At what point would that effect our economy and what would the detriment be? I would like to educate myself on the cause and effect of overspending in general..
The guy who was in the senate for 40 years then VP for 8. The guy who got the Democratic nomination not because he led the primaries, but because he was the safe, middle of the road center-right candidate the establishment wanted, and rigged their game to put him in place? The guy who went through an arduous process to get bipartisan support for this bill & got 19 Republican senators on board, even though he needed zero?
That's the guy who's suddenly going to wild out and jack up the $26.7 trillion national debt to $100 trillion like he's political Michael Vick? With absolutely nobody in the corporate-Democrat establishment putting the brakes on him?
Okay, I am absolutely 100% on board. As you can probably tell, I love weird stuff. Let's do this thing.
Let's say Biden has always been secretly envious of the shiny suit era of hip hop. He's going all out on Gucci stealth bombers. Miami DC, wrapped in Ver-sa-ce. Replaces fluoride in the water with Cristal. Appoints Master P head of the Treasury Dept. on the basis of his past business acumen and refined taste in gold-plated assault tanks. The White House and capitol are relocated to Neverland Ranch.
Pictured: 2023 US Dept. of Agriculture soybean & oilseed roundtable forum
Sure, some fuddy-duddies object. But this is the Instagram era baby, and P Biddy is putting on the flex to end all flexes. The people are loving it. But somewhere along the line, after a decade or two the bills start piling up. After all, Cristal costs $200 and up just at the liquor store, but Joe made the baller move of paying nightclub bottle service prices. Payments get skipped. America has to pretend it's not home when the World Bank comes banging on the door. They have to park the car at Paraguay's house to keep it from getting repo'd. President Lohan is losing her shit.
The country enters sovereign default. It's now a major credit risk, loan rates go up 40%. Neighbouring countries step in to help for fear of becoming the next domino, but not even Canada's pillowcase full of loonies can fix this problem.
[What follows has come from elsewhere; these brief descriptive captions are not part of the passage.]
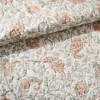 Sapphtopaz 6 Piece Bedding Quilt Set Floral Print Pattern Contrasting Colors Reversible Quilt Set with Throw Pillows - 2 of 4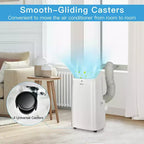 Costway Climatiseur portable 6350 BTU (9000 BTU ASHRAE) 3-en-1 ventilateur rafraîchisseur d'air déshumidificateur avec télécommande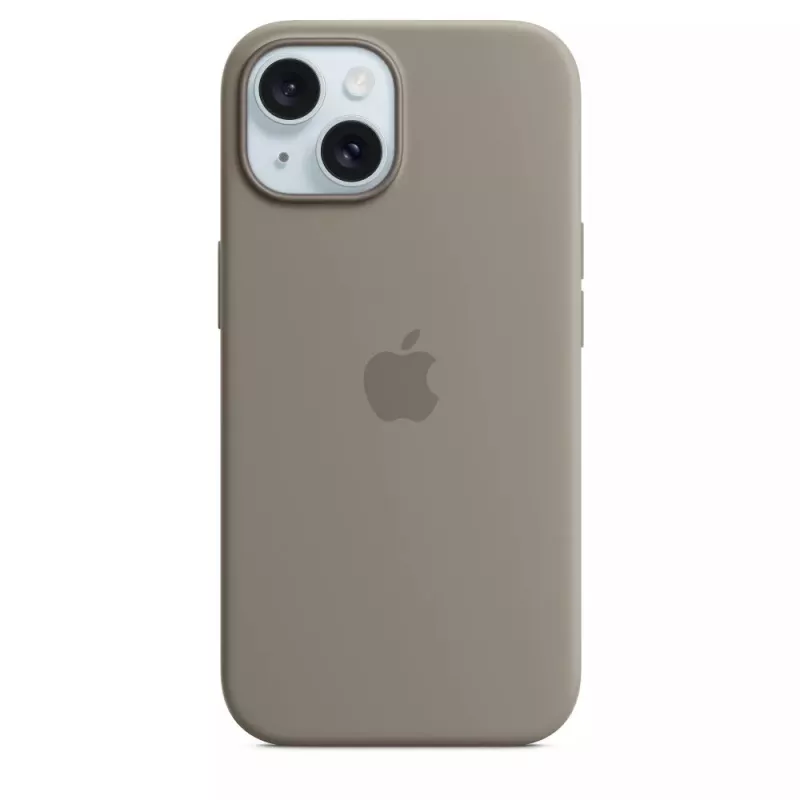 Silikoninis dėklas Apple iPhone 15 MagSafe Clay Dangtis Ruda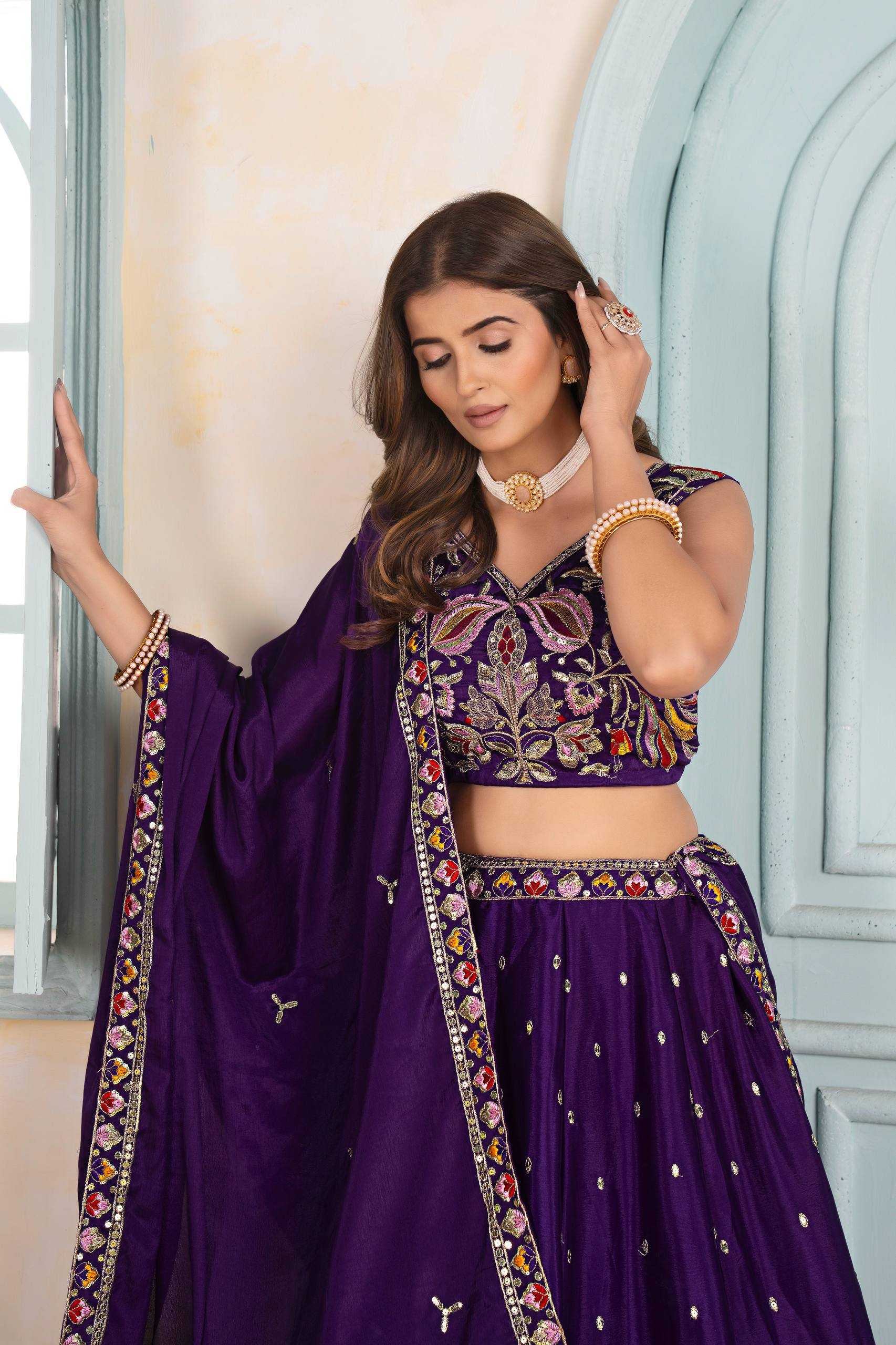 Ynf Chinon KESH533 ON5125 Lehengas Wedding Collections Wholesale Designer Lehenga Embroidered Lehenga Sangeet Outfits Manufacturer- Kapda Export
The value of the dollar sinks as currency traders bail. Purchasing power goes down, some commodities get more expensive. Prices go up on imports like electronics. The agriculture industry contracts. Super markets get downgraded to just pretty okay markets. Economic depression results as banks are forced to make write-downs all over the place. Everybody makes mean jokes about you on the internet.
But ultimately, that old saying comes into play: if you owe the bank $10 000, that's your problem. If you owe it $100 trillion because you had Gucci redesign your entire airforce, that's the bank's problem. That kind of liability is a tough sell to offload to a 3rd party. And ultimately America's a sovereign entity. Nobody can actually compel it to pay back anything, unless China really wants to send its goons round to collect kneecaps.
So, debts get restructured. A conservatorship is offered. The world's largest ball of paint in Alexandria, Indiana is auctioned off to service debts. The US becomes a foster kid for the IMF, who keep a photo of it stuck to the fridge with U-S-A letter magnets. Music gets really depressing. But it's not all bad, because now manufacturing jobs can finally come back with labour costs reduced.
And you'll still always have those 8 magical years where Silkk tha Shocker rewrote the national anthem and Biggie was added to Mount Rushmore.